The addition of all those stocks makes VXC more diversified than ever, though the numbers are a bit deceiving. Since the 2,000-plus newly added stocks are all small companies, they don’t exert as much as influence as you might expect: small-caps now make up only about 6.5% of the fund by market cap, while those considered “small/medium” make up another 13%. Think of it like adding a bucket of pebbles to a pile of boulders. Sure, there are now many more objects, but the overall proportion haven’t changed very much.

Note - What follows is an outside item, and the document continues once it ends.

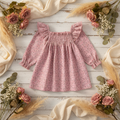 Pink Floral Smocked Dress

More growth is on the horizon for VXC: its emerging markets index will gradually expand to add more and more China A-Shares. These are Chinese companies that trade on the Shanghai and Shenzhen exchanges and were previously off-limits to foreign investors. Those restrictions are now being relaxed, and in the coming months, emerging markets benchmarks will begin incorporating more A-Shares, giving China a larger share of index funds such as the VWO and, by extension, VXC.
One question remains unanswered: will Vanguard eventually replace the large-cap US equity fund in VXC with one that also holds mid- and small-cap stocks? Or perhaps add other US equity ETFs to cover those bases? With VXC’s new “all cap” mandate, this would make sense. However, replacing its current holding in VV with, say, the Vanguard Total Stock Market (VTI), would result in a sizable capital gain being passed along to VXC investors. That’s a good reason not to make the switch.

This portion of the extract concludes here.